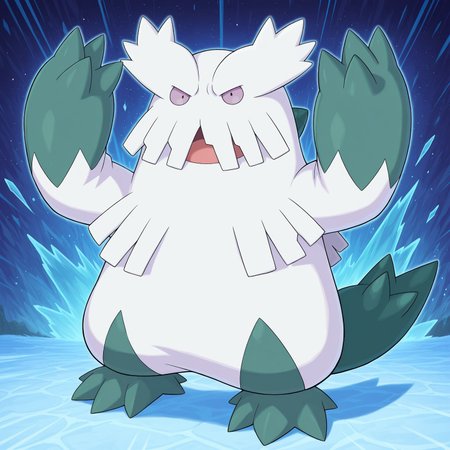 2d, solo, Pokemon (creature), Abomasnow, shaggy white fur, greenish fur, two tone fur, pale purple sclera, black pupils, fur over mouth, head tufts, spiky tail, 

BREAK standing, hands raised, looking at viewer, abstract background, open mouth

BREAK best quality, amazing quality, very aesthetic, absurdres, newest, masterpiece, high quality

■ **PROBLEM DESCRIPTION**:
Your task is to reproduce exactly the lines that begin with the one containing "BREAK standing, hands" and continue to the end of the data, both ends included.

■ **TASK OUTPUT**:
BREAK standing, hands raised, looking at viewer, abstract background, open mouth

BREAK best quality, amazing quality, very aesthetic, absurdres, newest, masterpiece, high quality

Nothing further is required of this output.